First of all, the media that claim that AMD's new Ryzen processors "deliver 39TOPS of AI computing power on desktops" are wrong?

On the one hand, as we mentioned earlier, the new desktop version of Ryzen PRO has a built-in NPU that is not overclocked. In other words, its NPU AI computing power is actually the same as the well-known mobile version and desktop version of Ryzen 8000, which is 16TOPS error-free.

Is the sum of computing power really meaningful?

But on this basis, the so-called "39TOPS" is actually not made up randomly, because you can find the relevant instructions on AMD's official website. According to AMD, the Ryzen 8000 series processors have a built-in NPU computing power of 16TOPS, but at the same time, some of these models will have a "Total Processor Performance" of 39TOPS.

Is the sum of computing power really meaningful?

What is this concept? The so-called "Total Processor Performance" actually refers to the AI computing power of the CPU, GPU, and NPU of the entire processor combined.

In other words, in this report, the relevant media mistakenly regarded this "sum AI computing power" as the NPU computing power of the new product. While the numbers aren't wrong, the actual meaning is clearly very different.

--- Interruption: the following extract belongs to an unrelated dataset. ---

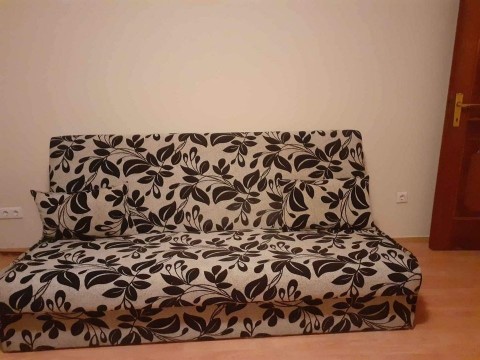 műtartós kanapé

Is the sum of computing power really meaningful?

Although everyone knows that today's CPUs, GPUs, and NPUs can generally perform AI computing, the problem is that their respective architectures, energy efficiency ratios, and AI computing formats are generally different. As a result, although they both support AI computing, it is basically impossible to use them in the same program and in the same task at the same time.

From this perspective, the "overall AI performance" metric of a processor, or SoC, is not completely meaningless, but it is clearly not a measure of how fast or slow it is when running AI tasks in most cases, and it does not have the value of side-by-side comparisons between different products.

Is the sum of computing power really meaningful?

If you follow this line of thinking, the server CPU can be claimed to have amazing AI computing power, although it does not support instant AI response at all (no built-in NPU)

Therefore, from another point of view, in fact, under the current technical system, as long as the operating system and AI program itself cannot achieve "100% efficient heterogeneous computing", then the propaganda of the so-called "total AI performance" by relevant hardware manufacturers will inevitably be more or less misleading.